Begehrt: Seltene Erden

Seltene Erden seien das Herzstück von Technologien in den Bereichen Militär, saubere Energie und Digitaltechnik. China kontrolliere fast 70 % des Bergbaus und nahezu 90 % der Verarbeitung, womit diese Segmente eine strategische Schwachstelle für Rivalen darstellen können. Infolgedessen würden sich US-Unternehmen bereits von chinesischen Lieferanten abwenden und Länder investieren massiv in den Aufbau alternativer Lieferketten. „Es handelt sich hierbei nicht nur um Diversifikation, sondern um eine strategische Neuausrichtung. In den kommenden Jahren werden wahrscheinlich neue Lieferketten außerhalb des Einflussbereichs Chinas entstehen“, meint Tahir.

Potenzial: Blockchain

Weiters stellt die Militarisierung des Finanzsystems, von der Abkopplung Russlands von SWIFT bis hin zu vermehrten BRICS-Alternativen, die Dominanz des US-Dollar infrage. Als Reaktion darauf haben die USA Maßnahmen zur Regulierung und Legitimierung von Stablecoins ergriffen und sie zu einem potenziellen Instrument finanzieller Einflussnahme gemacht. Stablecoins, die durch Staatsanleihen und bargeldähnliche Vermögenswerte gedeckt sind, können die Nachfrage nach dem US-Dollar stärken und gleichzeitig dessen Reichweite auf digitale Märkte ausweiten. Parallel dazu nehme auch die Tokenisierung zu. „In einer fragmentierten Welt wird die Nutzung der Blockchain-Technologie nicht nur zu einer wirtschaftlichen, sondern auch zu einer geopolitischen Entscheidung“, meint Tahir.
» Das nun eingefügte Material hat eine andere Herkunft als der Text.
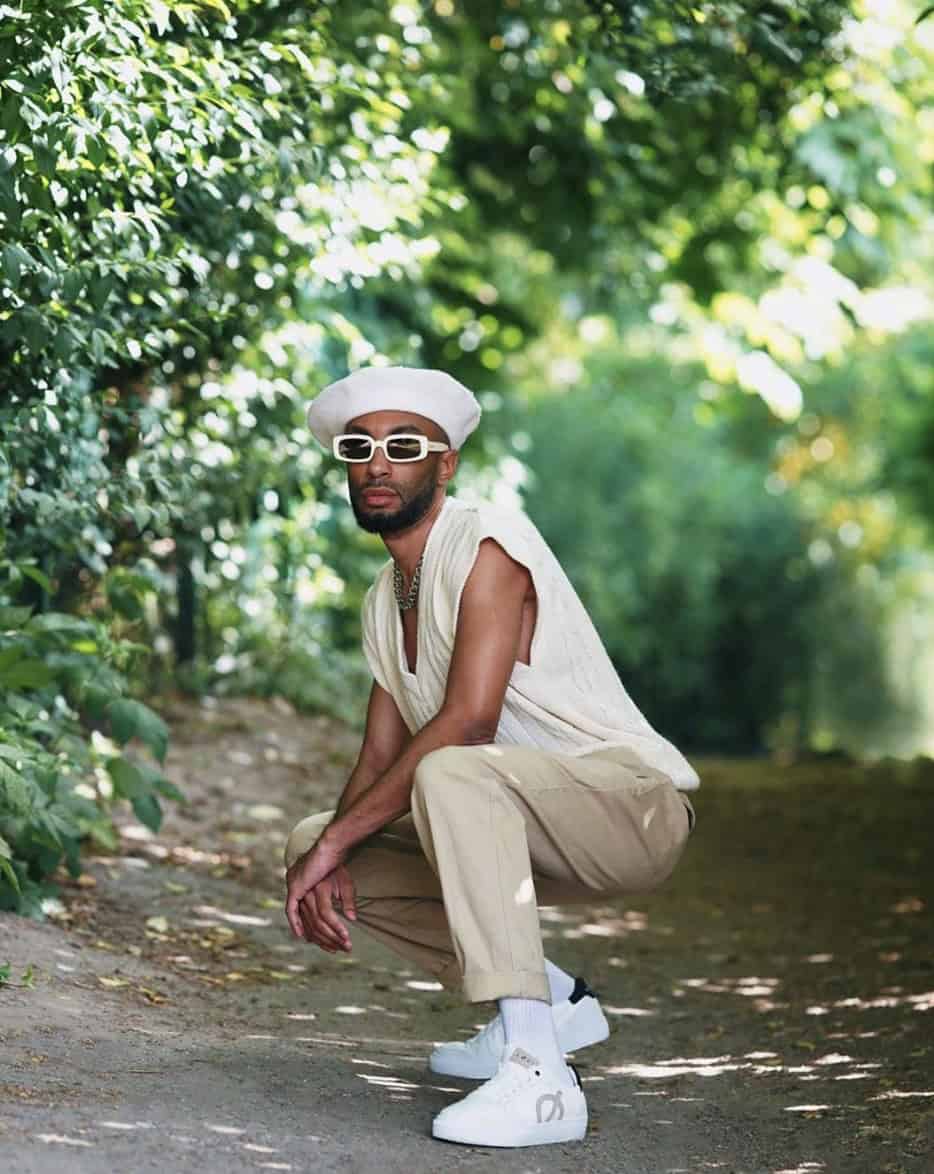 man squatting down wearing a beret, white glasses and a sweater vest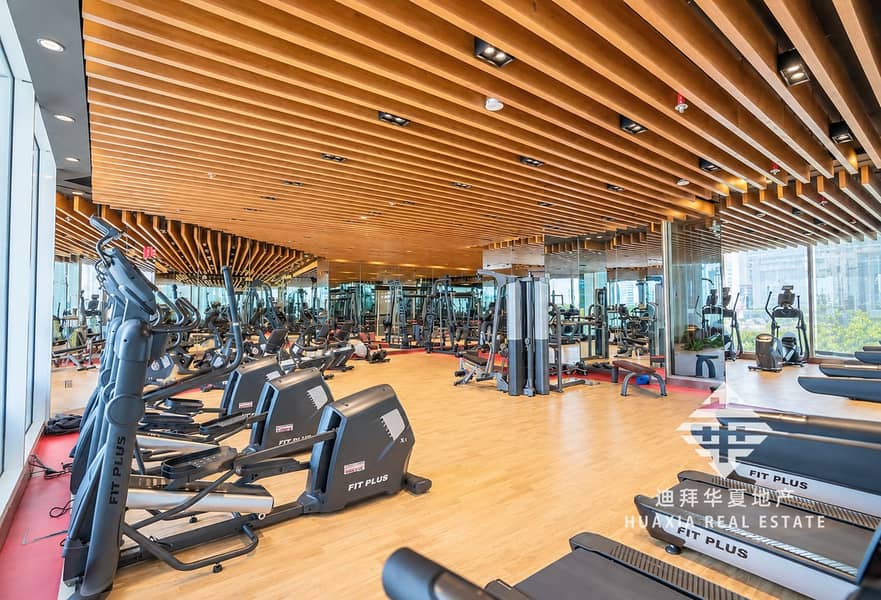 20 Bright Modern Gym Interior with FIT PLUS Equipment. png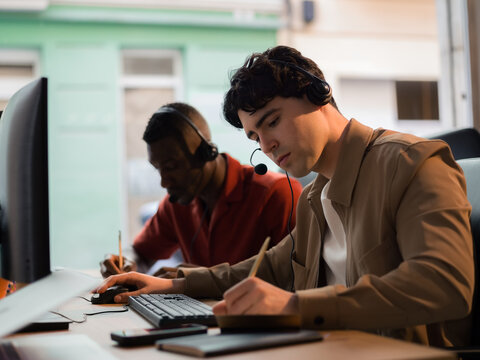 Focused call center workers writing notes 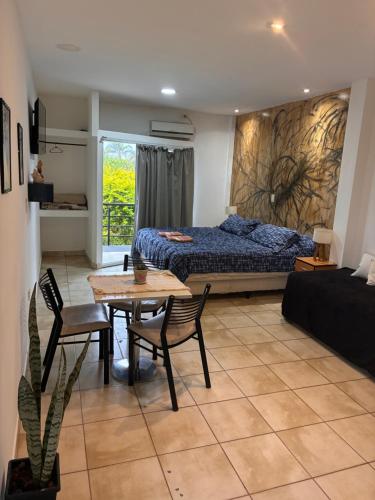 a bedroom with a bed and a table and chairs at a termas voy in Termas de Río Hondo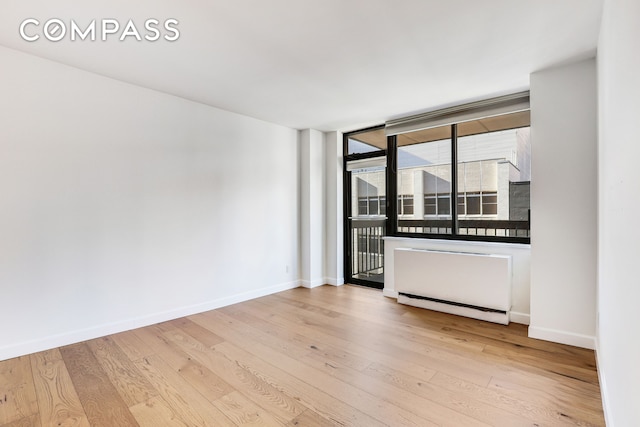 spare room with hardwood / wood-style floors and baseboards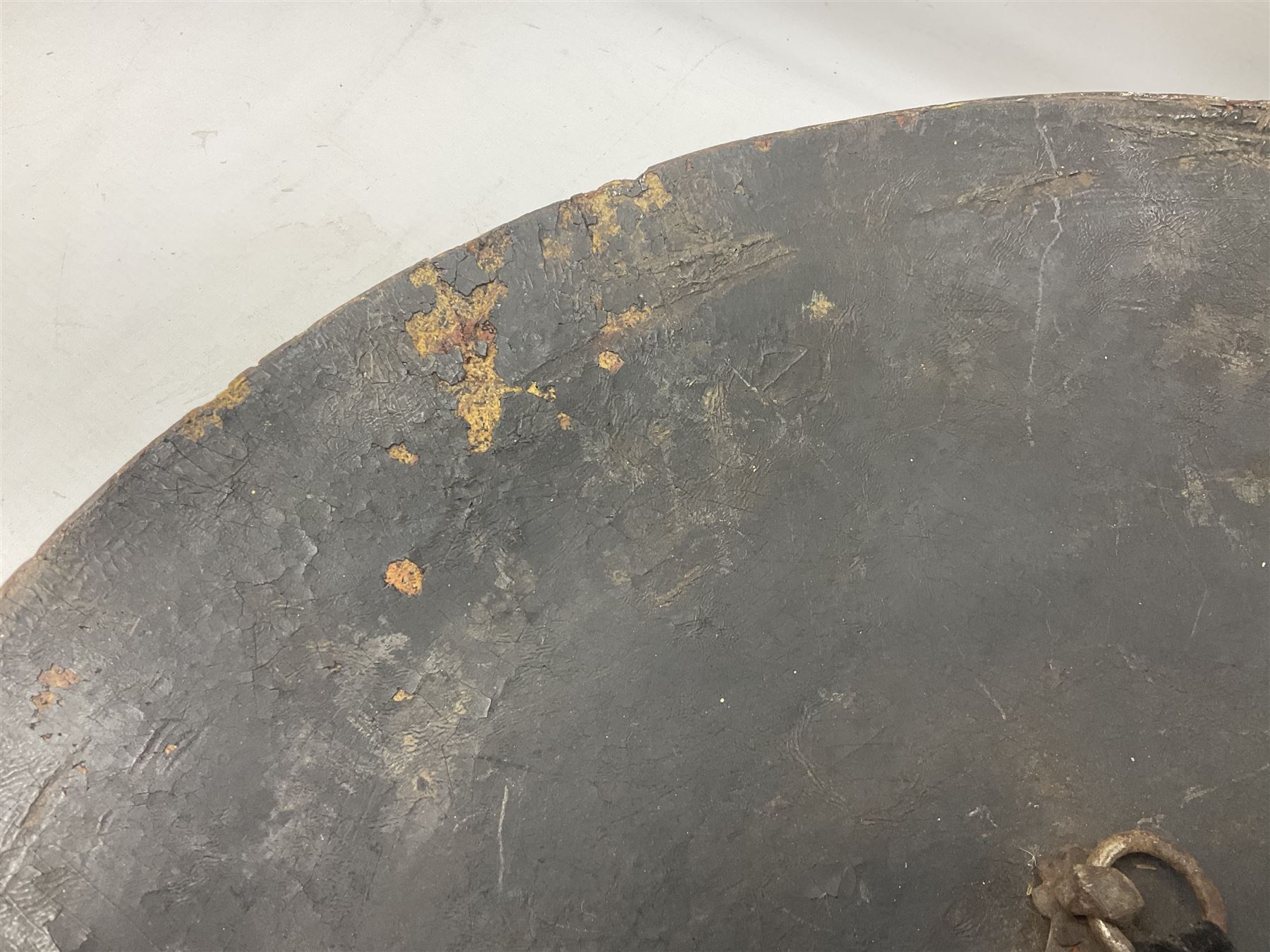 Indian black lacquered hide shield/dhal, of circular convex form fitted at its centre with four pierced iron bosses, each of hemispherical form with wide brims, the bosses corresponding on the inside with four iron rings for enarmes D53.5cm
Fazit: 2025 ist die öffentliche Debatte von Konflikten, Polarisierung und Fragmentierung geprägt. Diese Fragmentierung erzeugt jedoch auch attraktive Anlagethemen: Europa rüstet wieder auf, die Atomkraft gewinnt an Fahrt, Cybersecurity wird sicherheitspolitisch relevant, Lieferketten für kritische Mineralien verschieben sich und die Blockchain-Technologie hält Einzug in den Mainstream des Finanzsystems.